- What you need to do:
Please print every line from the one containing "Spigen Apple Watch" through the last line of the records below, exactly as written and nothing more.

- Source records:
============

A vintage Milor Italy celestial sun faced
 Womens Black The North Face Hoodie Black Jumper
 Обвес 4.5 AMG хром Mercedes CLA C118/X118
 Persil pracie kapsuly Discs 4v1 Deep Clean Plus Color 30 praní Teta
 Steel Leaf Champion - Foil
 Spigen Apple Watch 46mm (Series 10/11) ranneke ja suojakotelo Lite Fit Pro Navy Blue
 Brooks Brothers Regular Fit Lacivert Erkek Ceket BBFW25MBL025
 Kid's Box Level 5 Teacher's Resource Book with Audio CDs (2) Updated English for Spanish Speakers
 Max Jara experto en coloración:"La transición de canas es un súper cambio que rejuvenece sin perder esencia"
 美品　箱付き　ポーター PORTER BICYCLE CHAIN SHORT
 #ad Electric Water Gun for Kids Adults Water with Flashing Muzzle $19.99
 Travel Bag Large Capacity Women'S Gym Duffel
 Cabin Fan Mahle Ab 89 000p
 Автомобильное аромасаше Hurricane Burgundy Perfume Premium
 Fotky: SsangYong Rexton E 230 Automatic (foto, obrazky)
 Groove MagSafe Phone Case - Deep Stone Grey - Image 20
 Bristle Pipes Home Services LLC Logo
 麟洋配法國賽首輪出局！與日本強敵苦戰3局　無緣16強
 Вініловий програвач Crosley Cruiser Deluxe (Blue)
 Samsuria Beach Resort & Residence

============

- Task answer:
 Spigen Apple Watch 46mm (Series 10/11) ranneke ja suojakotelo Lite Fit Pro Navy Blue
 Brooks Brothers Regular Fit Lacivert Erkek Ceket BBFW25MBL025
 Kid's Box Level 5 Teacher's Resource Book with Audio CDs (2) Updated English for Spanish Speakers
 Max Jara experto en coloración:"La transición de canas es un súper cambio que rejuvenece sin perder esencia"
 美品　箱付き　ポーター PORTER BICYCLE CHAIN SHORT
 #ad Electric Water Gun for Kids Adults Water with Flashing Muzzle $19.99
 Travel Bag Large Capacity Women'S Gym Duffel
 Cabin Fan Mahle Ab 89 000p
 Автомобильное аромасаше Hurricane Burgundy Perfume Premium
 Fotky: SsangYong Rexton E 230 Automatic (foto, obrazky)
 Groove MagSafe Phone Case - Deep Stone Grey - Image 20
 Bristle Pipes Home Services LLC Logo
 麟洋配法國賽首輪出局！與日本強敵苦戰3局　無緣16強
 Вініловий програвач Crosley Cruiser Deluxe (Blue)
 Samsuria Beach Resort & Residence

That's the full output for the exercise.